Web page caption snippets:
::::::::::

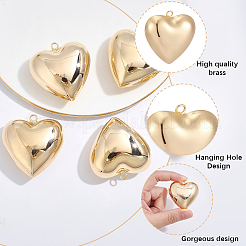 5Pcs Heart Brass Pendants&nbsp;KK-BBC0025-58C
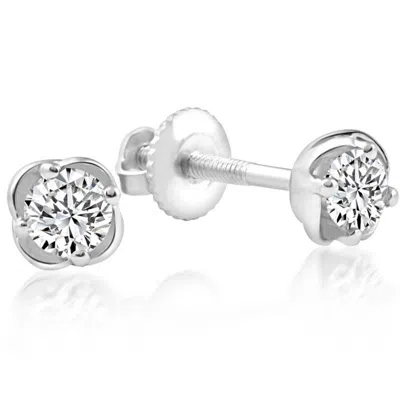 Pompeii3 1/4 Ct T. W. Round Cut Natural Diamond Studs White Gold Screw Back Earrings In White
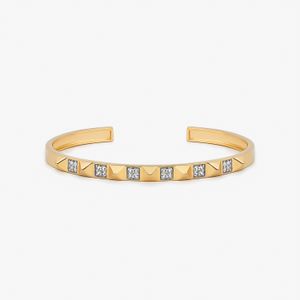 Pulseira Rígida Spikes com Topázio em Prata 925 com Banho de Ouro Amarelo 18k - 17 cm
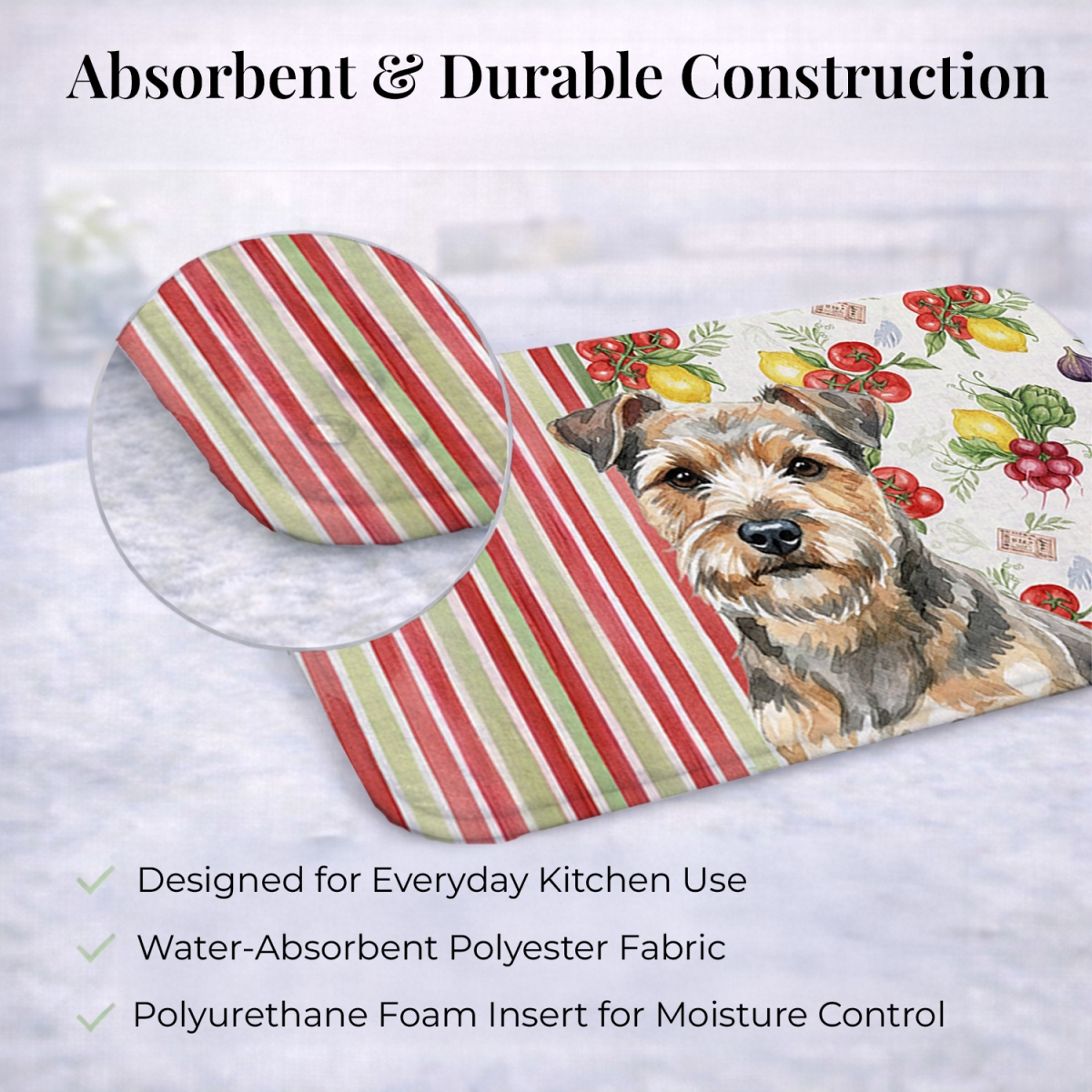 Picture of Carolines Treasures WDK8329DDM 21 x 14 in. Grizzle & Tan Norfolk Terrier Vegetables Dish Drying Mat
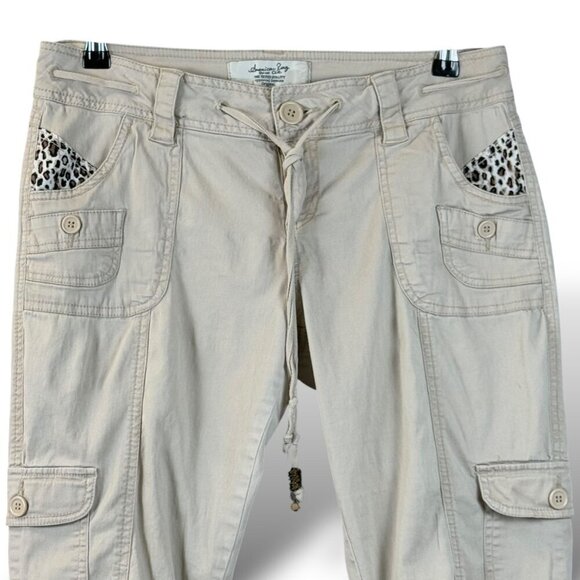 VTG American Rag Cargo Capri Pants Womens Size 9 Beige/Leopard Trim Roll-Tab Y2K - Picture 4 of 10
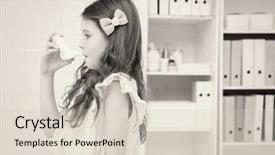  Presentation with asthma - Presentation featuring childhood asthma - little girl taking inhaler background and a lemonade colored foreground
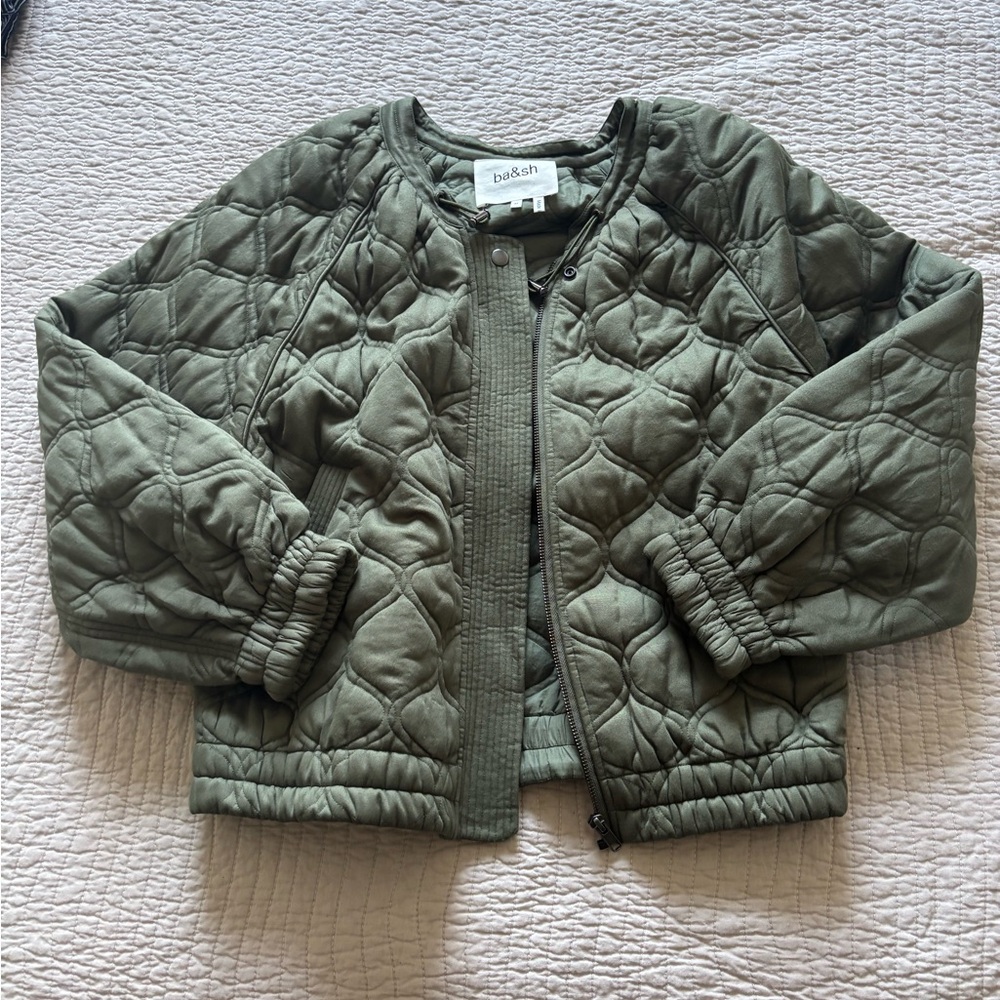 ba&sh Olive Quilted Lady Jacket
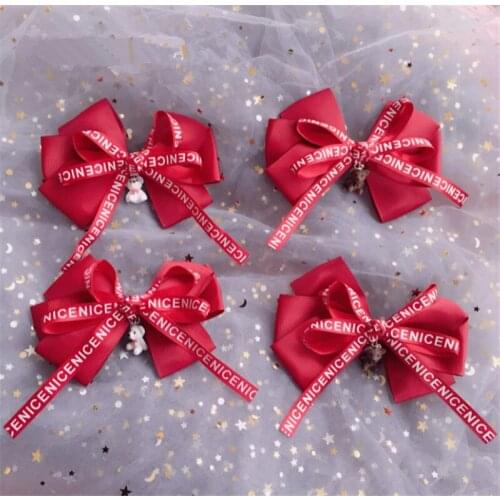 New Year Red Girl Sweet Lolita Bow Hairpin Princess Bear Pendant Hair Accessories Side Clip D625
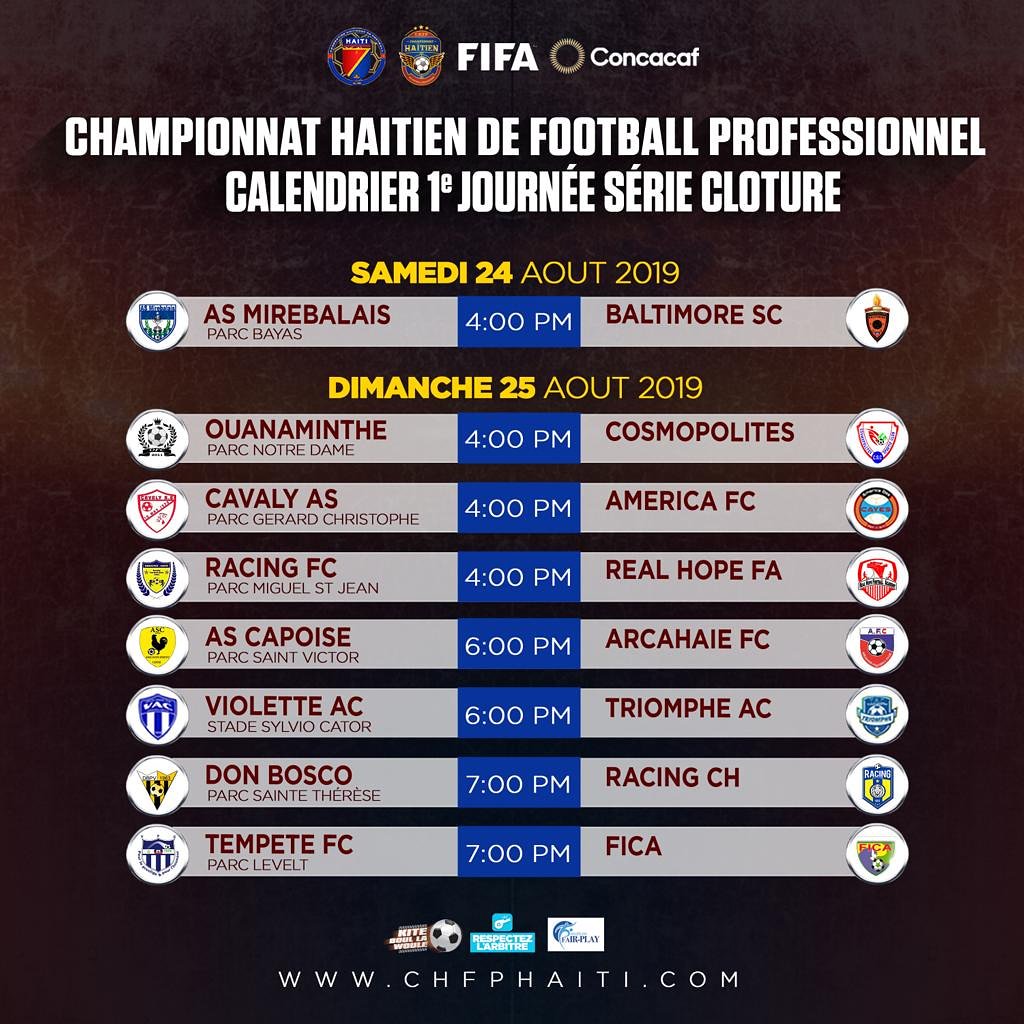 fhfhaiti's tweet photo. Yon KOUDÈY sou 1e JOUNEN CHANPYONA NASYONAL la🙌🏾 #8MATCH #16EKIP #1KOUP #SÉRIECLÔTURE #CHANPYONANASYONAL🏆
FHF2019 #saison2019 #YonLòtNivoFoutbòl  #KITEBOULLAWOULE⚽🇭🇹 https://t.co/QWCzVgLbDS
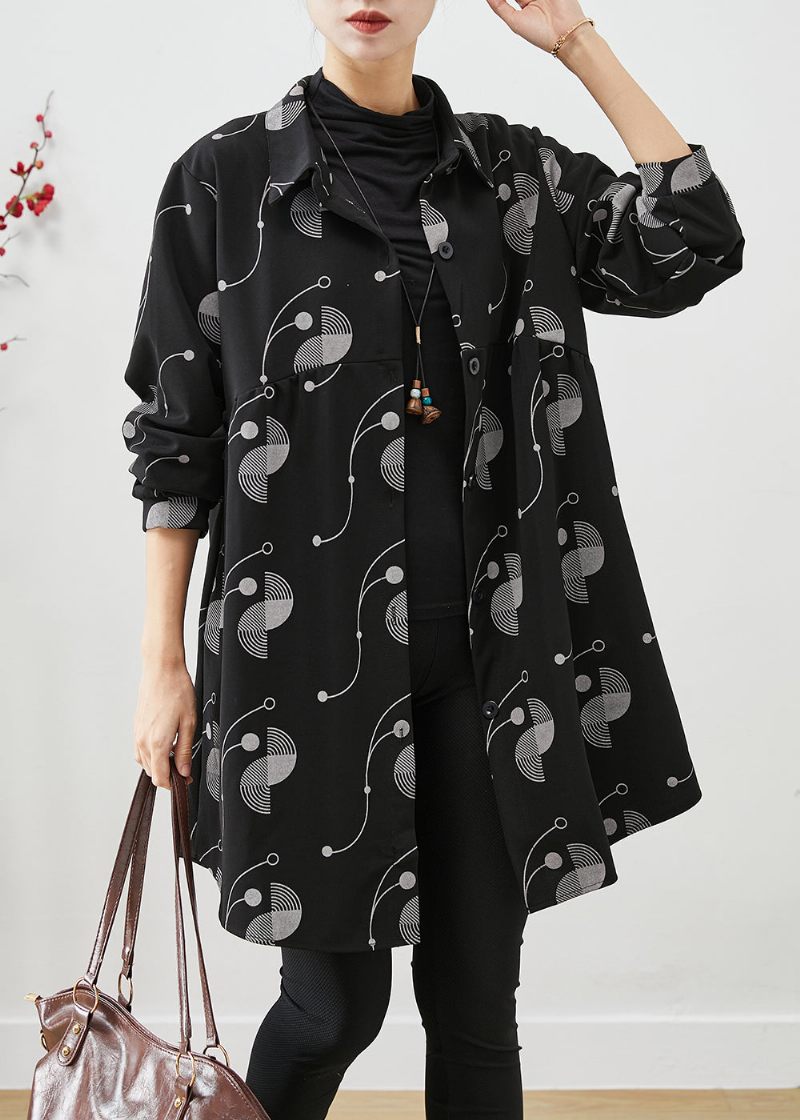 Italiensk Sort Oversized Print Bomuld Trench Fall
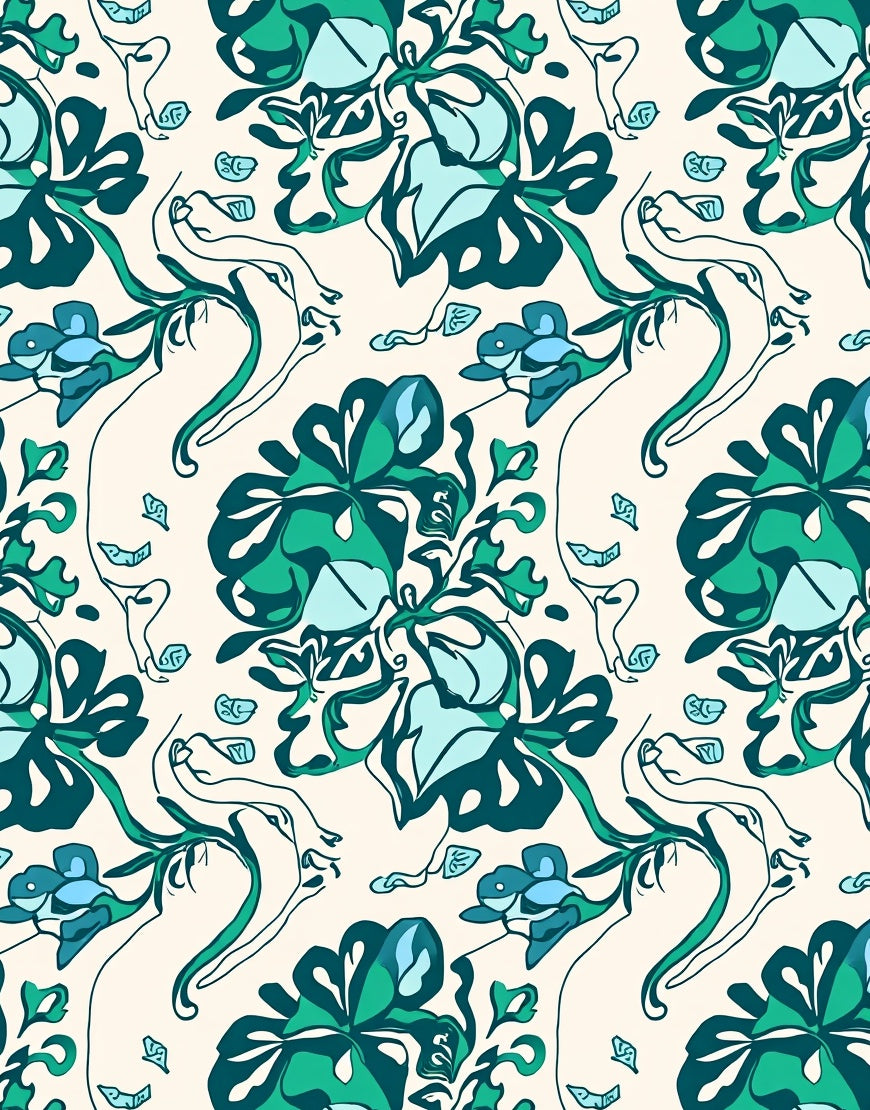 Earthy Teal Abstract Floral Pattern Rug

::::::::::

§ Instructions for the task
Pictures must be left out of the answer, which should be exactly the lines from the one holding "ba&sh Olive Quilted Lady Jacket" through the last line of the entries above, both included; please add nothing.

§ Reply to the task
 ba&sh Olive Quilted Lady Jacket
 New Year Red Girl Sweet Lolita Bow Hairpin Princess Bear Pendant Hair Accessories Side Clip D625
 fhfhaiti's tweet photo. Yon KOUDÈY sou 1e JOUNEN CHANPYONA NASYONAL la🙌🏾 #8MATCH #16EKIP #1KOUP #SÉRIECLÔTURE #CHANPYONANASYONAL🏆
FHF2019 #saison2019 #YonLòtNivoFoutbòl  #KITEBOULLAWOULE⚽🇭🇹 https://t.co/QWCzVgLbDS
 Italiensk Sort Oversized Print Bomuld Trench Fall
 Earthy Teal Abstract Floral Pattern Rug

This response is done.